Kah Motor lost its cosy relationship with Honda, also for being too successful. To say that it was a natural progression was proven otherwise when the company got rid of all their Honda company cars soon after the re-structuring! Most people believe there were political manoeuvres involved but which I would describe as arm-twisting.
Wonder what would happen to Genting Highland's casino licence after Lim Goh Tong. If not for religious reasons, the company would have been restructured long ago. Phileo Bank's ex-founder was reported to have said that he was forced to give it up. Like MUI Bank, many people attributed this to his earlier close association with politicians who are out of favour. I wonder what was the reason for Rashid Hussain's departure from RHB, if not political.
A good example to illustrate the chain effect of government policies is Proton sales. To counter poor sales, credit facilities were relaxed to such an extent that the hire purchase tenure was increased to nine years. It was also reported that some purchasers were actually given a sum of RM500 from the loan sum to drive away the new cars.

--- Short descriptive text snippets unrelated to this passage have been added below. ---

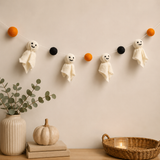 Halloween Ghost Felt Garland – Handmade Ghost Banner with Felt Balls | Spooky Halloween Mantel, Wall & Party Decor
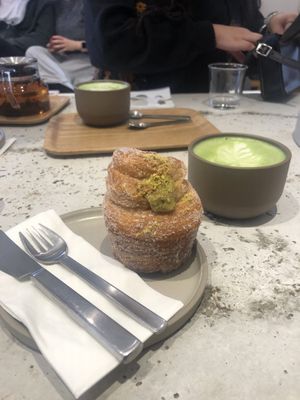 Pistachio cruffin & matcha coconut latte   at Saint-Jean in Amsterdam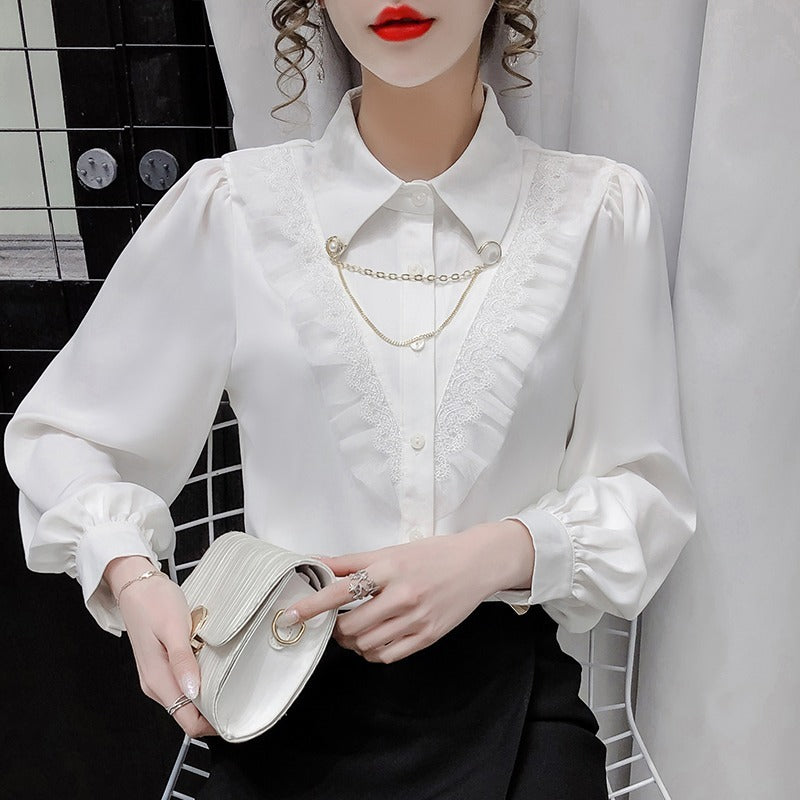 Polo Collar Chain Lace Stitched Shirt Design Long-Sleeved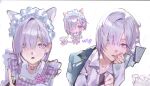  1boy :o alternate_costume animal_ears apron bell black_shirt blue_jacket bob_cut cat_boy cat_ears cat_tail chibi chibi_inset choker commentary crossdressing crossdressing_(mtf) curled_fingers dress_shirt full_body hair_behind_ear hair_over_one_eye hand_on_own_face head_tilt highres jacket jacket_on_shoulders lapels layered_shirt long_sleeves looking_at_viewer looking_to_the_side lower_teeth_only maid maid_headdress male_focus male_maid multiple_views neck_bell nijisanji one_eye_covered open_clothes open_mouth open_shirt pink_choker plaid_apron plaid_clothes purple_apron purple_eyes purple_hair screenshot shirose_isumi shirt short_hair sideways_glance simple_background sleeves_past_wrists straight_hair tail teeth trap ttj_1023 unfinished untranslatable_commentary upper_body virtual_youtuber white_background white_shirt 
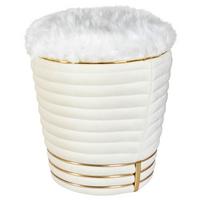 HOCKER DORIC 325 - Beige/Goldfarben, Design, Textil (42/50cm) - Kayoom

Not surprisingly, we got feedback that finance companies were reluctant to repossess cars for lack of storage space and buyers. Already, there is a bank known not to repossess your car so long as you pay one month to stall the process. The ballooning non-performing loans are waiting to burst.
The SBB tussle is becoming more and more interesting. There is more than meets the eye, more like a proxy war among powerful parties. Tan was reported to have said that SBB was forced to 'marry' and they are trying to choose their own partner. This means the pressure is already on for the 10 existing banks to merge into the originally intended six, to meet the challenges of globalisation.
Now we can see the power of politics on commercial activities. Bank Negara rules require the Central Bank's approval before an intended party can negotiate with the target bank. Though the rules are meant to control in an orderly manner any offer to take over another bank, the disadvantage to the minority shareholders is obvious.
For the simple fact that CIMB is managed by a brother of our deputy prime minister, the application of the rules by Bank Negara must not only be fair but seen to be fair. The Central Bank's rejection of SBB's offer to acquire Asia General has already been taken as biased by some quarters.
I do not buy the reason given by CIMB's Nazir Razak that the price offered for SBB shares was good compared with the share prices of SBB over the last three years. For the same period, most companies listed on Bursa Malaysia were under-valued, even in terms of simple net tangible assets basis.
The latest events seem to suggest the matter is likely to end in bitter litigation. Meanwhile, people will also be watching if Bank Negara would approve another party proposed by SBB.